BEGIN Data for this task

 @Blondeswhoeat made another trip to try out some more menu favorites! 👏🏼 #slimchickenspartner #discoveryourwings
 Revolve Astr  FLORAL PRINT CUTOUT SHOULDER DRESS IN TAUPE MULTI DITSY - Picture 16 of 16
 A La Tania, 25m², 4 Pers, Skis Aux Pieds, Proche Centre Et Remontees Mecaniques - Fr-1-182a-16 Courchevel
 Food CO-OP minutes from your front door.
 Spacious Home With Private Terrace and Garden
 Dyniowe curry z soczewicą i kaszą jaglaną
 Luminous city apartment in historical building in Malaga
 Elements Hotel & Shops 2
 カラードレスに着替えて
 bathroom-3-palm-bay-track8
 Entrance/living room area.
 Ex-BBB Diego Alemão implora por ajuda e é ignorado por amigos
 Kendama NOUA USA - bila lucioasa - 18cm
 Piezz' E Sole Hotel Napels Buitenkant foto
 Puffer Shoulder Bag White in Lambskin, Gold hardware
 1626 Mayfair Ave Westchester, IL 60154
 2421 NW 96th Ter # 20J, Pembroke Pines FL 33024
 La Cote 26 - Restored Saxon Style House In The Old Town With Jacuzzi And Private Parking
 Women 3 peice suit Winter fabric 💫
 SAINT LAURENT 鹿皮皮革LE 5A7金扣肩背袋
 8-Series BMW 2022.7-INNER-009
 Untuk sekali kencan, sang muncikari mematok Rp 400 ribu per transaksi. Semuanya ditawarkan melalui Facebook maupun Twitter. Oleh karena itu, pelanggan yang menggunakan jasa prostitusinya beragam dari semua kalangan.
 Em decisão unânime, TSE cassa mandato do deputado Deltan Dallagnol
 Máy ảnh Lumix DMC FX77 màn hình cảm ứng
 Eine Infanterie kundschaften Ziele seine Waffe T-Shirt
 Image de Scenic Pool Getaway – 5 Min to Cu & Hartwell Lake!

END Data for this task

- _What to produce_
Print only the lines from the top of the data above down to the line holding "2421 NW 96th", inclusive.

- _The completed task_
 @Blondeswhoeat made another trip to try out some more menu favorites! 👏🏼 #slimchickenspartner #discoveryourwings
 Revolve Astr  FLORAL PRINT CUTOUT SHOULDER DRESS IN TAUPE MULTI DITSY - Picture 16 of 16
 A La Tania, 25m², 4 Pers, Skis Aux Pieds, Proche Centre Et Remontees Mecaniques - Fr-1-182a-16 Courchevel
 Food CO-OP minutes from your front door.
 Spacious Home With Private Terrace and Garden
 Dyniowe curry z soczewicą i kaszą jaglaną
 Luminous city apartment in historical building in Malaga
 Elements Hotel & Shops 2
 カラードレスに着替えて
 bathroom-3-palm-bay-track8
 Entrance/living room area.
 Ex-BBB Diego Alemão implora por ajuda e é ignorado por amigos
 Kendama NOUA USA - bila lucioasa - 18cm
 Piezz' E Sole Hotel Napels Buitenkant foto
 Puffer Shoulder Bag White in Lambskin, Gold hardware
 1626 Mayfair Ave Westchester, IL 60154
 2421 NW 96th Ter # 20J, Pembroke Pines FL 33024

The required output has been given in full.